Experience Shogun Travel with InsideJapan Tours

Experience Shogun Travel with InsideJapan Tours
Image: Tadayoshi Mimaki/FB

In the coming weeks we will expect a remarkable surge of travelers to Japan, largely attributed to the captivating portrayal of FX's latest adaptation of James Clavell's novel, "Shōgun." This epic tale, set in the feudal era of samurai warriors and shogunate rule, has reignited interest in Japan's rich history and culture. The novel's vivid descriptions and the show's stunning visuals have inspired many to explore the land of the rising sun, seeking to experience its unique blend of tradition and modernity firsthand. 

From the bustling streets of Tokyo to the serene temples of Kyoto, Japan offers a journey through time that fascinates and delights travelers from around the world.

InsideJapan’s Shogun site has been designed to capture some of that interest and help people create their own Shogun cultural adventure to discover Japan.  

Traverse Tohoku
Head to the Northern Honshu mainland and the Tohoku region and follow the footsteps of William Adams (aka. John Blackthorne) and Tokugawa Shogun before the Battle of Sekigahara depicted in the climax of Shogun. The rural Tohoku region is rich in feudal history and culture which can be seen throughout the rugged serene landscape. One such place where the samurai past is most obvious is the town of Kakunodate where the architecture has barely changed since it was founded in the early 1600’s.

The 7-night Rural Tohoku Trail stays in a restored samurai Kura storehouse in Kakunodate.

Samurai Culture of Kyushu
William Adams and his crew first arrived off the southern main island of Kyushu and Adams later returned to Nagasaki and the quiet island of Hirado. Today, Nagasaki city is arguably one of the country’s most attractive cities surrounded by a bay and mountains. This laid-back city has remnants of its historical past, with the reconstructed manmade island of Dejima being the most obvious – the only Japanese territory that opened to Westerners for over 220 years of isolation.

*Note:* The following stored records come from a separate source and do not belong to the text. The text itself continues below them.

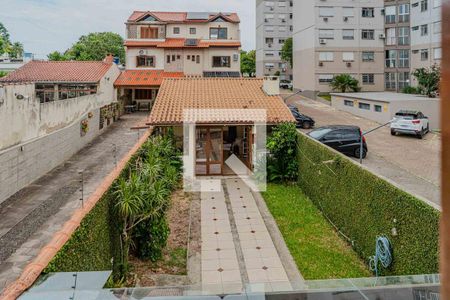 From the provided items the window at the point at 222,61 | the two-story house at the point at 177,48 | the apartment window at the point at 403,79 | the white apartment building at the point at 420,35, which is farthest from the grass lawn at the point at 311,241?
the apartment window at the point at 403,79

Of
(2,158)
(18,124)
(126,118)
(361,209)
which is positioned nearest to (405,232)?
(361,209)

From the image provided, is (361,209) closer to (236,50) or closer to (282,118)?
(282,118)

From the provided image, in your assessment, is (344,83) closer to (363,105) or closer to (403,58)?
(403,58)

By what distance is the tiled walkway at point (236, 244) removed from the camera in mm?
9797

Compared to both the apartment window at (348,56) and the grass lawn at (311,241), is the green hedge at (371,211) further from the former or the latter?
the apartment window at (348,56)

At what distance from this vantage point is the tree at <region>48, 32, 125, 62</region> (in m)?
68.8

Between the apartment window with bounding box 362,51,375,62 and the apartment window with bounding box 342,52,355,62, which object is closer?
the apartment window with bounding box 342,52,355,62

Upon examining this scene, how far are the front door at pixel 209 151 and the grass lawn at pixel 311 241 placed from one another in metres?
4.03

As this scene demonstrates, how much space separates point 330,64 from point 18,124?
1544 inches

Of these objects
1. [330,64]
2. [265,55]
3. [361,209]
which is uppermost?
[265,55]

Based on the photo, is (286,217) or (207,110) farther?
(207,110)

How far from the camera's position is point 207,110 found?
20141mm

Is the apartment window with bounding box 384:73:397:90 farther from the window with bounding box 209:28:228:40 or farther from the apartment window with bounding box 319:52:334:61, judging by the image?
the window with bounding box 209:28:228:40

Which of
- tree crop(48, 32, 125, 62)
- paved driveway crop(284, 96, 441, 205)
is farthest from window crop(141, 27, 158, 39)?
tree crop(48, 32, 125, 62) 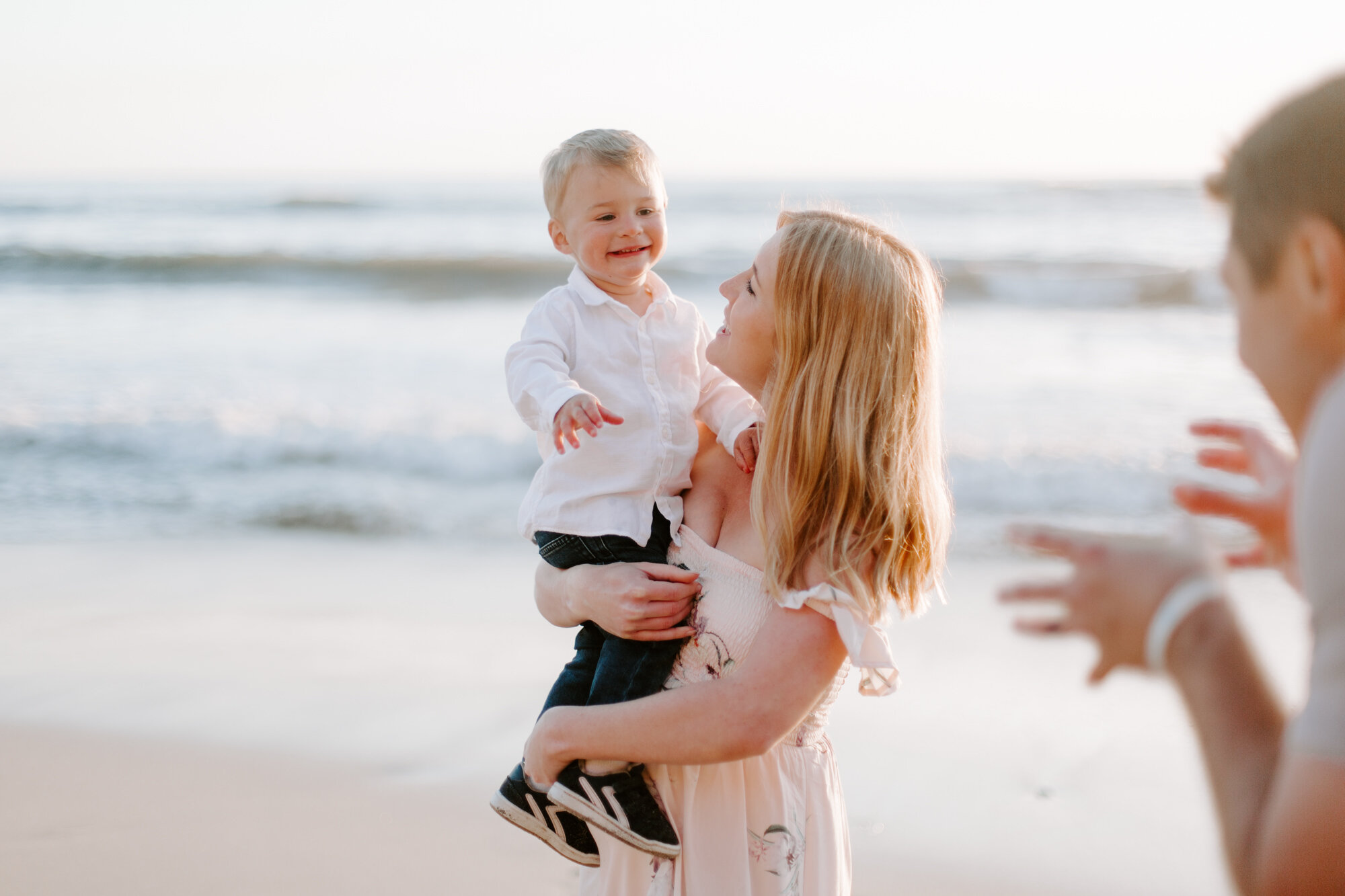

The 13-night Kyushu Adventure is a cultural adventure that explores the southern island and its culture.

Conquer a samurai castle
When William Adams arrived off the coast of Kyushu, the Shogun ordered the arrest of William Adams and his crew and had them imprisoned in Osaka Castle. A reconstructed castle stands today in a city that is better known for its food and dubbed, ‘Kansai’s kitchen’. Neighboring Kyoto is also home to the UNESCO World Heritage site of Nijo Castle which was built by the Tokugawa Shogun in 1603 full of secret rooms and built-in security for Shogun guards.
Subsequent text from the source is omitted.